Continuous Analytics of Web Streams

a project with a background image

Abstract

The goal of the tutorial is to outline how to develop and deploy a stream processing application in a web environment in a reproducible way. To this extent, we intend to (1) survey existing research outcomes from the Stream Reasoning /RDF Stream Processing that arise in querying and reasoning on a variety of highly dynamic data, (2) introduce stream reasoning techniques as powerful tools to use when addressing a data-centric problem characterised both by variety and velocity (such as those typically found on the modern Web), (3) present a relevant Web-centric use-case that requires to address simultaneously data velocity and variety, and (4) guide the participants through the development of a Web stream processing application.

Introduction

Data streams are increasingly becoming available on the Web. A variety of sources give origin to data streams, including social networks, mobile phones, smart homes, healthcare devices, and parts of the modern infrastructure. From new opportunities arise new challenges. A common problem in scenarios involving data streams on the Web is how data can be integrated to enable the creation of new knowledge. Reasoning techniques are a possible solution to help with this integration. However, while modern reasoners scale up in the static domain of ontological knowledge, reasoning upon rapidly changing information has received attention only in the last decade [1]. The combination of reasoning techniques with data streams has given rise to the new research area of Stream Reasoning. i.e., reasoning on highly dynamic flows of information [2]. Stream Reasoning research area that has started to produce impactful results relevant to both the Semantic Web [3] and stream processing communities [4].

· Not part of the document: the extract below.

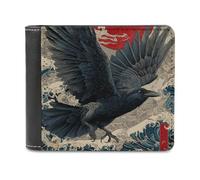 sinyumoney Raven's Flight Over Waves 3D Print Clutch Purse Safe Protection Card Slots Note Section Soft Convenient Wallets for Boys Girls 11.7cm*9.5cm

Objectives: The goal of the tutorial is to provide the fundamental notion of reasoning over streams, provide an overview of current challenges and state of the art, describe the process of publication and description of data streams on the Web, showcase different techniques and technologies for processing Web streams, and outline the process of developing and deploying stream processing applications in a Web environment.

Relevance: The contents of this tutorial is highly relevant for ESWC 2019 attendees, as it focuses on practical aspects of developing and deploying applications that publish, produce, and process streaming (or rapidly changing) RDF data.

Scope: Stream reasoning technologies are now mature and reliable enough to build a tutorial with a stronger focus on hands-on sessions. Therefore, this tutorial not only surveys existing research outcomes and describes existing tools, but it also presents a Web-centric use-case and guides the participants through the development of a Web stream processing application.

Learning objectives: This full-day tutorial aims at introducing different existing approaches for querying, analyzing, and reasoning over data streams. It also provides guidelines for developing and deploying Stream Reasoning applications. In particular, the tutorial offers to the audience:

  • an overview of the use-cases and scenarios where Stream Reasoning provides valuable advantages;
  • an overview of the current state-of-the-art in this emerging area, with techniques and tools developed by several research groups (including but not limited to presenters’ ones);
  • a focused description of a subset of these technologies to reason over dynamic data;
  • practical experience through hands-on sessions were the audience can interact with existing tools.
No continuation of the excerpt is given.